→ GIVEN RECORDS:
BEGIN

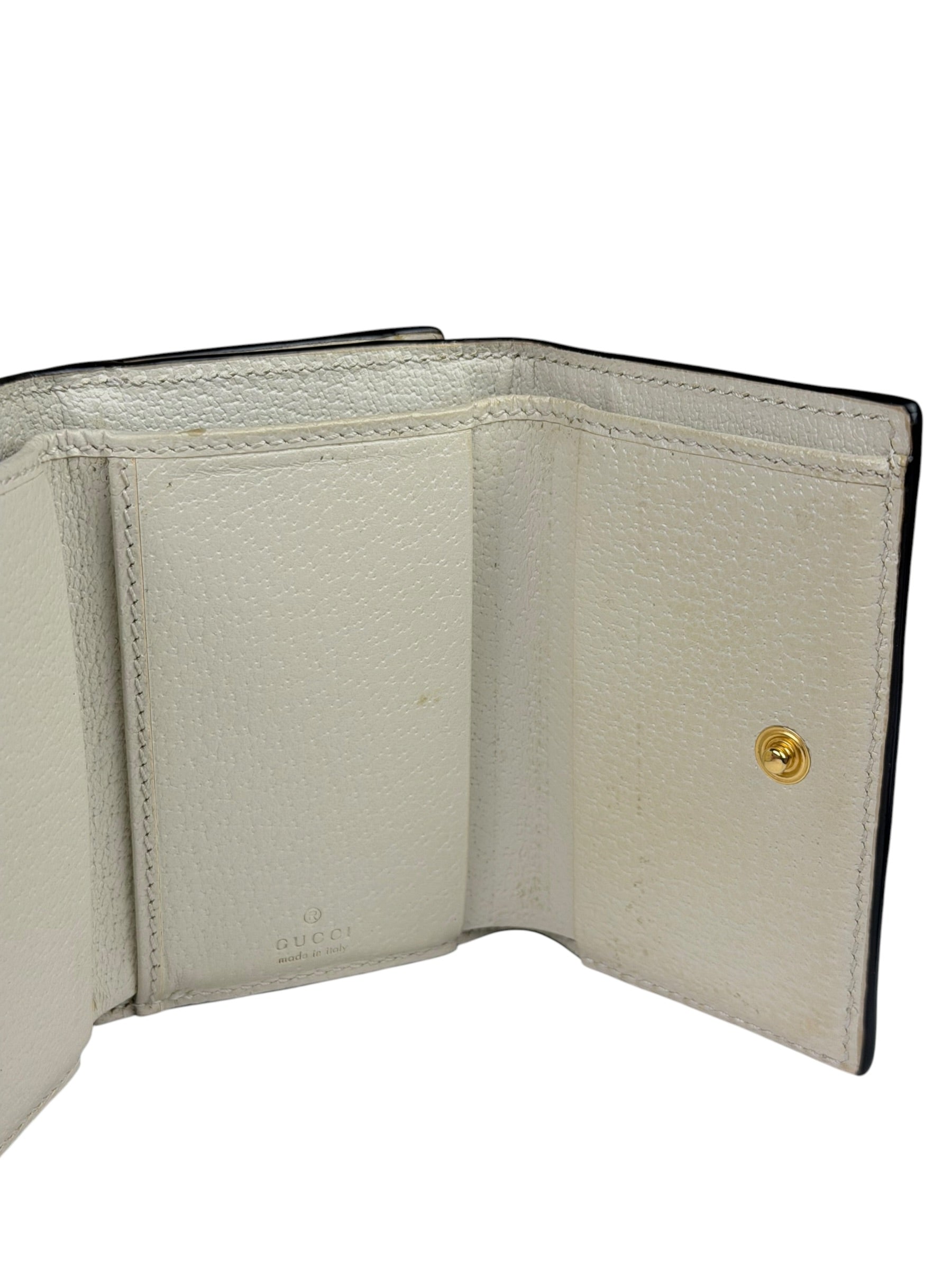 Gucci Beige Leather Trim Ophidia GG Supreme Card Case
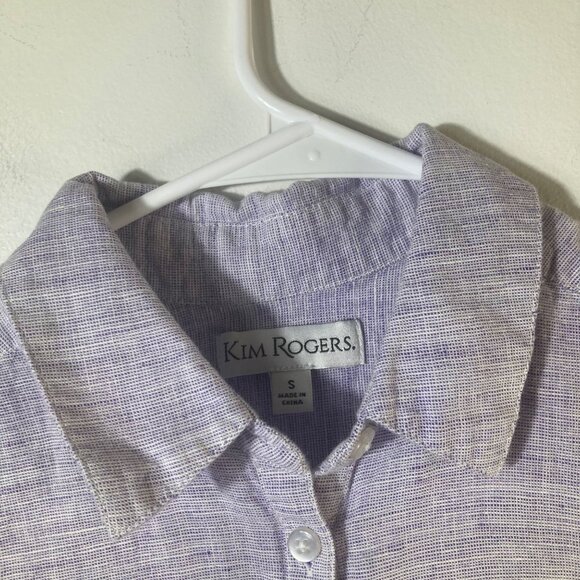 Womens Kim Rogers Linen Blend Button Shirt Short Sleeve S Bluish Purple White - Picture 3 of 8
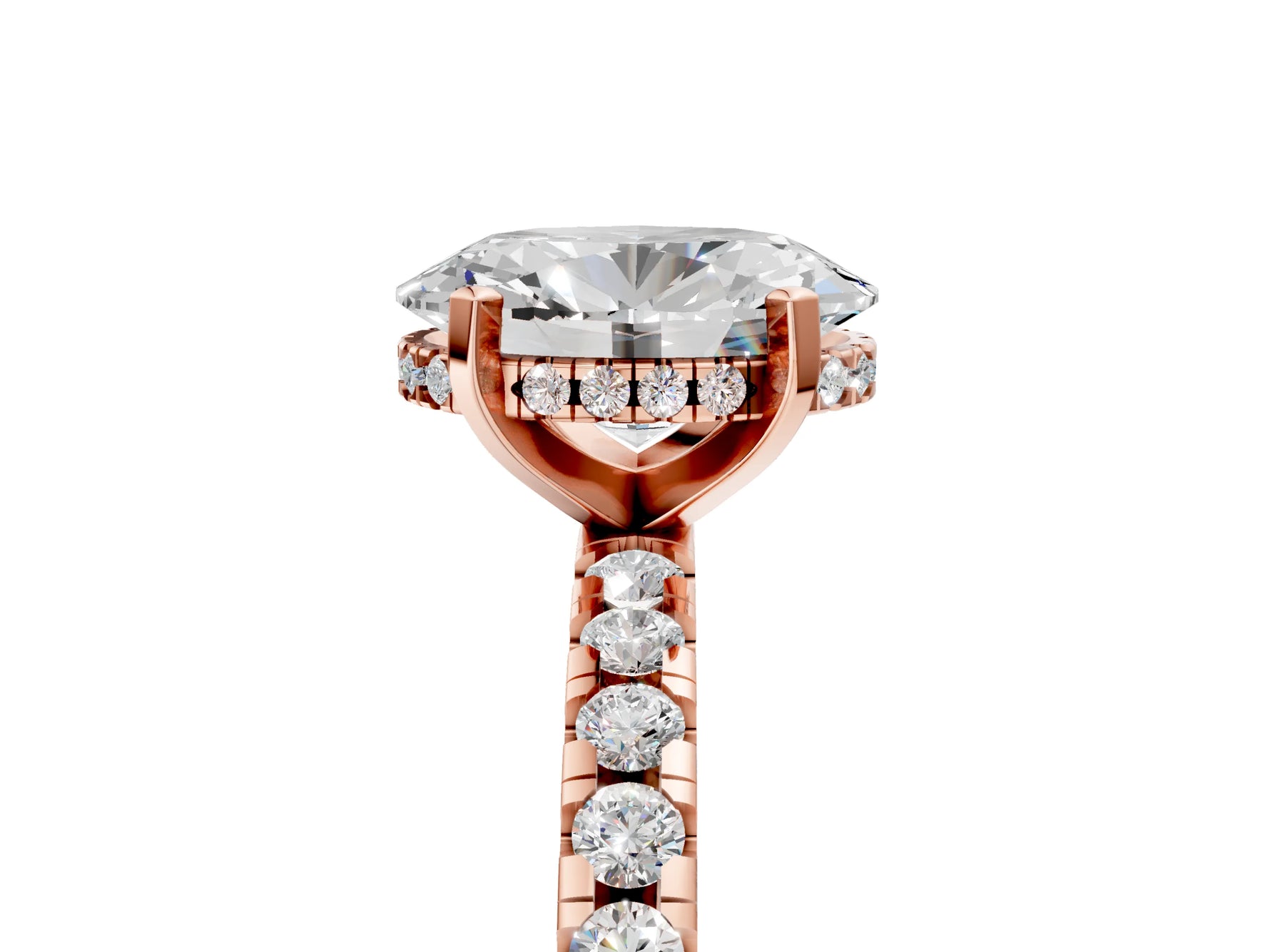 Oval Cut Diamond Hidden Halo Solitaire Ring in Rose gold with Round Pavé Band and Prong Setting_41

END
BEGIN

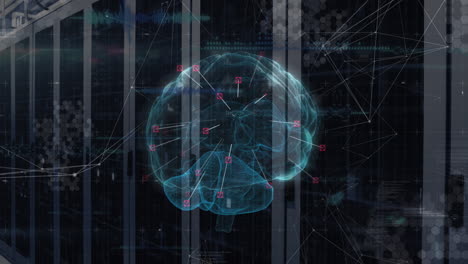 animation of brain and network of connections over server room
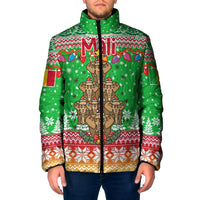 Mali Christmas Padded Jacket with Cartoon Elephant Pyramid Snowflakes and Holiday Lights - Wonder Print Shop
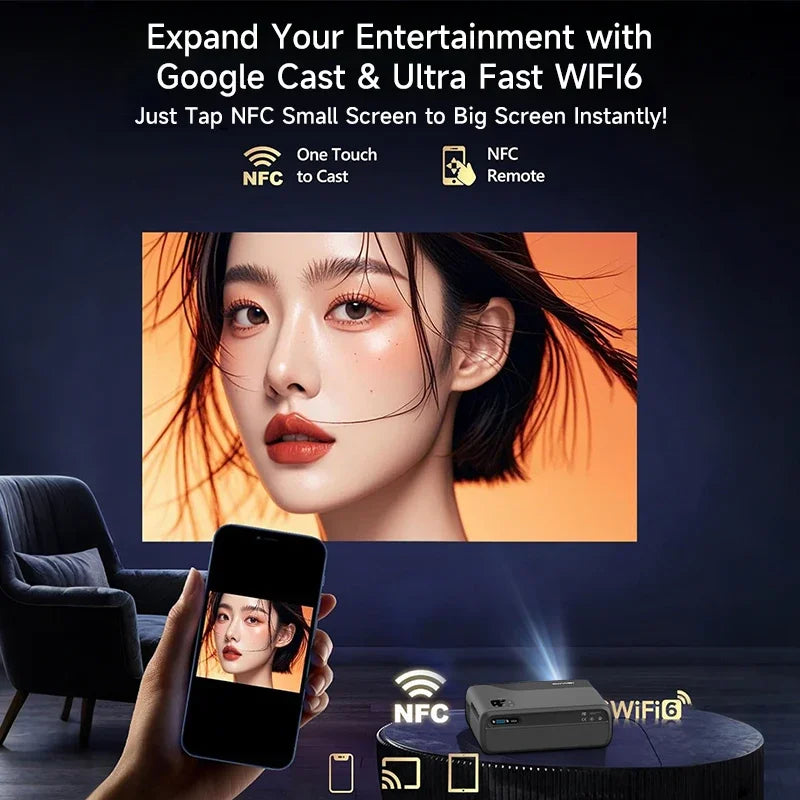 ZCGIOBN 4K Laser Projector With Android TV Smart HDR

END
BEGIN

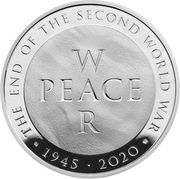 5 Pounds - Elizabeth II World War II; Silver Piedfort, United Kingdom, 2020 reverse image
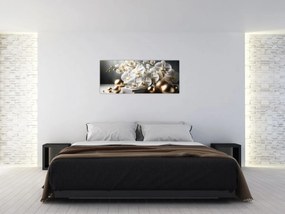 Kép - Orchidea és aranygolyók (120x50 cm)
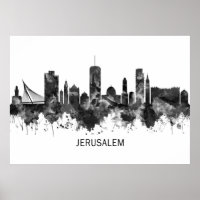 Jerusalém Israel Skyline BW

END

→ PROBLEM REQUIREMENTS: The result should be an exact copy of only the lines above from the one that holds "Kép - Orchidea és aranygolyók (120x50 cm)" through the one that holds "Jerusalém Israel Skyline BW", both ends included, without pictures.

→ SOLVED PROBLEM:
 Kép - Orchidea és aranygolyók (120x50 cm)
 Jerusalém Israel Skyline BW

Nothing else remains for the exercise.